KBV-Vertreterversammlung

Gassen: „Die KBV wird gebraucht“

Berlin - 04.12.2015, 14:40 Uhr

Andreas Gassen und Regina Feldmann - können sie das Image der KBV verbessern? (Foto: KBV)

Andreas Gassen und Regina Feldmann - können sie das Image der KBV verbessern? (Foto: KBV)


Die Kassenärztliche Bundesvereinigung steht derzeit massiv in der Kritik. Zugleich kann sie ihre innere Zerrissenheit nicht verbergen. KBV-Chef Andreas Gassen hat davon genug: Es müsse Schluss sein mit „unkontrollierten und selbstzerstörerischen Geisterfahrten“ – nun geht es um ein Zukunftskonzept der Kassenärzte.

Andreas Gassen, Vorstandsvorsitzender der Kassenärztlichen Bundesvereinigung (KBV), will die Ärzteschaft in seiner Organisation wieder einen: „Es muss Schluss sein mit unkontrollierten und selbstzerstörerischen Geisterfahrten. Es ist wichtig, dass wir es gemeinsam schaffen“, sagte er am Freitag bei der KBV-Vertreterversammlung. "Die KBV hat eine Zukunft. Sie wird gebraucht.
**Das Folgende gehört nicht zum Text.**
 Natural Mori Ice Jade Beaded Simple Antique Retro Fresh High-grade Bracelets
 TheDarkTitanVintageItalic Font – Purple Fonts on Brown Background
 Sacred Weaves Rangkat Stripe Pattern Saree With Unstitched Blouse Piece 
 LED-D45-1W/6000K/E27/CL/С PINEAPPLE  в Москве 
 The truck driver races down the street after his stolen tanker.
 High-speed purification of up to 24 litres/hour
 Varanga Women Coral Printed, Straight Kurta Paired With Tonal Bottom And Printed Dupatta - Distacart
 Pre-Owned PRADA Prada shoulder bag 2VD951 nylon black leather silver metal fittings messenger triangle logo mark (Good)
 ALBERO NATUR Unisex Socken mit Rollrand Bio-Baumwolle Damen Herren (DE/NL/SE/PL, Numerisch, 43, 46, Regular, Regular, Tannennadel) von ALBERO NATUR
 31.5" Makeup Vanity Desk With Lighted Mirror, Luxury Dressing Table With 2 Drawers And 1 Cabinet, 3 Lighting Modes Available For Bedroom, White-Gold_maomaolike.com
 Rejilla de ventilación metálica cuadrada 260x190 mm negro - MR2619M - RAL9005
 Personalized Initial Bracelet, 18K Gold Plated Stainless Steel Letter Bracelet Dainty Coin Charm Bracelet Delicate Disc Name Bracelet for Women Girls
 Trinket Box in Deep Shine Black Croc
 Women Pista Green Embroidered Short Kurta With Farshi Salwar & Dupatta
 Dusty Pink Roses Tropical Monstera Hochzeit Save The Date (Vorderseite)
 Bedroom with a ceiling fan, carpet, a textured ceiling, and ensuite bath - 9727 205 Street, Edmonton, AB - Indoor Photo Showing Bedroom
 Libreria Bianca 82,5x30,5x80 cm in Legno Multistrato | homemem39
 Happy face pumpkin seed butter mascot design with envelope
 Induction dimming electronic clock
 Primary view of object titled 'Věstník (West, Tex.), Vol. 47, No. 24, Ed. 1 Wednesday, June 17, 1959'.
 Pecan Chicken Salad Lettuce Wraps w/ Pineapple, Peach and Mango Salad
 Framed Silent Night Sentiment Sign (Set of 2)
Mehr denn je.“ Gassen sprach sich zudem für eine frühzeitige Positionierung der Kassenärztlichen Vereinigungen und der KBV zur Bundestagswahl 2017 aus.

Der SPD-Politiker Karl Lauterbach hatte diese Woche erklärt, die KBV gehöre „abgeschafft“. Nach der Strafanzeige, die das Bundesgesundheitsministerium gegen Ex-KBV-Chef Andreas Köhler gestellt hat, sieht er die KBV an einem weiteren Tiefpunkt angelangt. Lauterbach hält den Verantwortlichen vor, ihre Streitigkeiten nicht in den Griff zu bekommen. Und die ihnen übertragenen Aufgaben erledigten sie auch notorisch schlecht.

Konzept KBV 2020: Ein Verband will sich ändern

Nun macht Gassen mobil: Er kündigte an, die KBV verändern zu wollen. „Daher habe ich das Konzept der KBV 2020 angestoßen. Lassen Sie uns gemeinsam dafür streiten“, warb er bei den Delegierten. Man müsse sich auf die gemeinsame Stärke konzentrieren. Und gemeinsam müsse man die Frage beantworten, wo es in den kommenden Jahren mit der ambulanten Versorgung hingehen solle.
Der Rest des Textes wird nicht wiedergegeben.